- [WORK TO BE COMPLETED]
The job is to output each record again, character for character.

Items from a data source
+ + + +

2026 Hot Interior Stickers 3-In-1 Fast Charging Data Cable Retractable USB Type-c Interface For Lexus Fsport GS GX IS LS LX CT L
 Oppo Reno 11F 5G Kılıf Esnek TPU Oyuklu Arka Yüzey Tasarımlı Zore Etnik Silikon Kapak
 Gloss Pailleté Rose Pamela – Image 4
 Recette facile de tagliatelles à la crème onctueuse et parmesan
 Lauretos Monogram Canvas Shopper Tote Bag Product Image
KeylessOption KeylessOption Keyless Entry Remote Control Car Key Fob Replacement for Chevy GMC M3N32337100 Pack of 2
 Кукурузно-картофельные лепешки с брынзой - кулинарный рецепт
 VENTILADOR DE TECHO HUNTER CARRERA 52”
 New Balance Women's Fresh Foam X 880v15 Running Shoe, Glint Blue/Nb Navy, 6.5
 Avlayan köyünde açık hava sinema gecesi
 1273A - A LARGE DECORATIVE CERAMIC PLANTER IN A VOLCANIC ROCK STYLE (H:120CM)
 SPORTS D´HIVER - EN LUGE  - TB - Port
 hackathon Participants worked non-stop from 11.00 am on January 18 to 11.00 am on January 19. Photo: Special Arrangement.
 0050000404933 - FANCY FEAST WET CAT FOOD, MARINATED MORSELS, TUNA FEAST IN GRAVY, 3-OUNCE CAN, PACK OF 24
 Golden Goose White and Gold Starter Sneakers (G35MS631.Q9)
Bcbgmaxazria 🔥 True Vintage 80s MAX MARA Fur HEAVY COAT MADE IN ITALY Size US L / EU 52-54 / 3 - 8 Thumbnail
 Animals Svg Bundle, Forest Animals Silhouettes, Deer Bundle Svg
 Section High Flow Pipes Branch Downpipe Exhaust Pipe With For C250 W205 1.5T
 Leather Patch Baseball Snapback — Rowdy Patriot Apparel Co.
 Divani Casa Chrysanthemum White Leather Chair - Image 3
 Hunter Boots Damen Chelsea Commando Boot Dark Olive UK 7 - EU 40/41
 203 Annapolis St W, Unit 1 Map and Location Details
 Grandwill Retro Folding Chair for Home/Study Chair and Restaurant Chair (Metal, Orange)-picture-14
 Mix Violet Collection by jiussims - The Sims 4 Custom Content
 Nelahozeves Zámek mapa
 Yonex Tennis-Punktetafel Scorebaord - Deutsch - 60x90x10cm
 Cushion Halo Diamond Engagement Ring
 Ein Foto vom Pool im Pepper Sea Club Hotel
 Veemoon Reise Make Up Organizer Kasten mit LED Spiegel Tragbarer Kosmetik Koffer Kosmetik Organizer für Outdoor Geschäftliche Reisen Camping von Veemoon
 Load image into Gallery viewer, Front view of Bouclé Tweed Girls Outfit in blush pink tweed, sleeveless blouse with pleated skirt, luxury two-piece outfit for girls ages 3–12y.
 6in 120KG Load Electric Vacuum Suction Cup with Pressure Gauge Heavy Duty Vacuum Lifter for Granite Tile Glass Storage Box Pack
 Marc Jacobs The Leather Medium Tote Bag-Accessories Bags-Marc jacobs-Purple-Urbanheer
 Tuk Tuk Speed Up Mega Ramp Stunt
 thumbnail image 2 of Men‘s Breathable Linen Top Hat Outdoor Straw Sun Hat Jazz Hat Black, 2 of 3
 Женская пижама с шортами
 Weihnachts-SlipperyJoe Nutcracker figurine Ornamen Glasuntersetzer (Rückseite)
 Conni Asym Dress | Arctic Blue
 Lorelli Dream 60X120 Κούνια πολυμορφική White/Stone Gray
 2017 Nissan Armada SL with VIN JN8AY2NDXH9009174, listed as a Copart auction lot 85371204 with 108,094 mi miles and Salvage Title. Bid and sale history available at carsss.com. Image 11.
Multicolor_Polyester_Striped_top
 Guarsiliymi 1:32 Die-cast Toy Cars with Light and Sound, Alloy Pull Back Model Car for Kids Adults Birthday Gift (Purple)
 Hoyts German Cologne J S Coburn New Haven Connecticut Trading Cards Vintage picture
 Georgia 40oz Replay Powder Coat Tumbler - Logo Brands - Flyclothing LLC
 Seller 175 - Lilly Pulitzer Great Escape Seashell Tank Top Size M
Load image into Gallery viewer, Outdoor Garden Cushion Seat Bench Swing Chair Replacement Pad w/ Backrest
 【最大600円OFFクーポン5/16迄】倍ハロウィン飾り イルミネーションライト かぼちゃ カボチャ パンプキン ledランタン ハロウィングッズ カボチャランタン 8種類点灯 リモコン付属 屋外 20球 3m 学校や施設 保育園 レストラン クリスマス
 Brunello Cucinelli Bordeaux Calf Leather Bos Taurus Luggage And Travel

+ + + +

- [RESULT OF THE TASK]
2026 Hot Interior Stickers 3-In-1 Fast Charging Data Cable Retractable USB Type-c Interface For Lexus Fsport GS GX IS LS LX CT L
 Oppo Reno 11F 5G Kılıf Esnek TPU Oyuklu Arka Yüzey Tasarımlı Zore Etnik Silikon Kapak
 Gloss Pailleté Rose Pamela – Image 4
 Recette facile de tagliatelles à la crème onctueuse et parmesan
 Lauretos Monogram Canvas Shopper Tote Bag Product Image
KeylessOption KeylessOption Keyless Entry Remote Control Car Key Fob Replacement for Chevy GMC M3N32337100 Pack of 2
 Кукурузно-картофельные лепешки с брынзой - кулинарный рецепт
 VENTILADOR DE TECHO HUNTER CARRERA 52”
 New Balance Women's Fresh Foam X 880v15 Running Shoe, Glint Blue/Nb Navy, 6.5
 Avlayan köyünde açık hava sinema gecesi
 1273A - A LARGE DECORATIVE CERAMIC PLANTER IN A VOLCANIC ROCK STYLE (H:120CM)
 SPORTS D´HIVER - EN LUGE  - TB - Port
 hackathon Participants worked non-stop from 11.00 am on January 18 to 11.00 am on January 19. Photo: Special Arrangement.
 0050000404933 - FANCY FEAST WET CAT FOOD, MARINATED MORSELS, TUNA FEAST IN GRAVY, 3-OUNCE CAN, PACK OF 24
 Golden Goose White and Gold Starter Sneakers (G35MS631.Q9)
Bcbgmaxazria 🔥 True Vintage 80s MAX MARA Fur HEAVY COAT MADE IN ITALY Size US L / EU 52-54 / 3 - 8 Thumbnail
 Animals Svg Bundle, Forest Animals Silhouettes, Deer Bundle Svg
 Section High Flow Pipes Branch Downpipe Exhaust Pipe With For C250 W205 1.5T
 Leather Patch Baseball Snapback — Rowdy Patriot Apparel Co.
 Divani Casa Chrysanthemum White Leather Chair - Image 3
 Hunter Boots Damen Chelsea Commando Boot Dark Olive UK 7 - EU 40/41
 203 Annapolis St W, Unit 1 Map and Location Details
 Grandwill Retro Folding Chair for Home/Study Chair and Restaurant Chair (Metal, Orange)-picture-14
 Mix Violet Collection by jiussims - The Sims 4 Custom Content
 Nelahozeves Zámek mapa
 Yonex Tennis-Punktetafel Scorebaord - Deutsch - 60x90x10cm
 Cushion Halo Diamond Engagement Ring
 Ein Foto vom Pool im Pepper Sea Club Hotel
 Veemoon Reise Make Up Organizer Kasten mit LED Spiegel Tragbarer Kosmetik Koffer Kosmetik Organizer für Outdoor Geschäftliche Reisen Camping von Veemoon
 Load image into Gallery viewer, Front view of Bouclé Tweed Girls Outfit in blush pink tweed, sleeveless blouse with pleated skirt, luxury two-piece outfit for girls ages 3–12y.
 6in 120KG Load Electric Vacuum Suction Cup with Pressure Gauge Heavy Duty Vacuum Lifter for Granite Tile Glass Storage Box Pack
 Marc Jacobs The Leather Medium Tote Bag-Accessories Bags-Marc jacobs-Purple-Urbanheer
 Tuk Tuk Speed Up Mega Ramp Stunt
 thumbnail image 2 of Men‘s Breathable Linen Top Hat Outdoor Straw Sun Hat Jazz Hat Black, 2 of 3
 Женская пижама с шортами
 Weihnachts-SlipperyJoe Nutcracker figurine Ornamen Glasuntersetzer (Rückseite)
 Conni Asym Dress | Arctic Blue
 Lorelli Dream 60X120 Κούνια πολυμορφική White/Stone Gray
 2017 Nissan Armada SL with VIN JN8AY2NDXH9009174, listed as a Copart auction lot 85371204 with 108,094 mi miles and Salvage Title. Bid and sale history available at carsss.com. Image 11.
Multicolor_Polyester_Striped_top
 Guarsiliymi 1:32 Die-cast Toy Cars with Light and Sound, Alloy Pull Back Model Car for Kids Adults Birthday Gift (Purple)
 Hoyts German Cologne J S Coburn New Haven Connecticut Trading Cards Vintage picture
 Georgia 40oz Replay Powder Coat Tumbler - Logo Brands - Flyclothing LLC
 Seller 175 - Lilly Pulitzer Great Escape Seashell Tank Top Size M
Load image into Gallery viewer, Outdoor Garden Cushion Seat Bench Swing Chair Replacement Pad w/ Backrest
 【最大600円OFFクーポン5/16迄】倍ハロウィン飾り イルミネーションライト かぼちゃ カボチャ パンプキン ledランタン ハロウィングッズ カボチャランタン 8種類点灯 リモコン付属 屋外 20球 3m 学校や施設 保育園 レストラン クリスマス
 Brunello Cucinelli Bordeaux Calf Leather Bos Taurus Luggage And Travel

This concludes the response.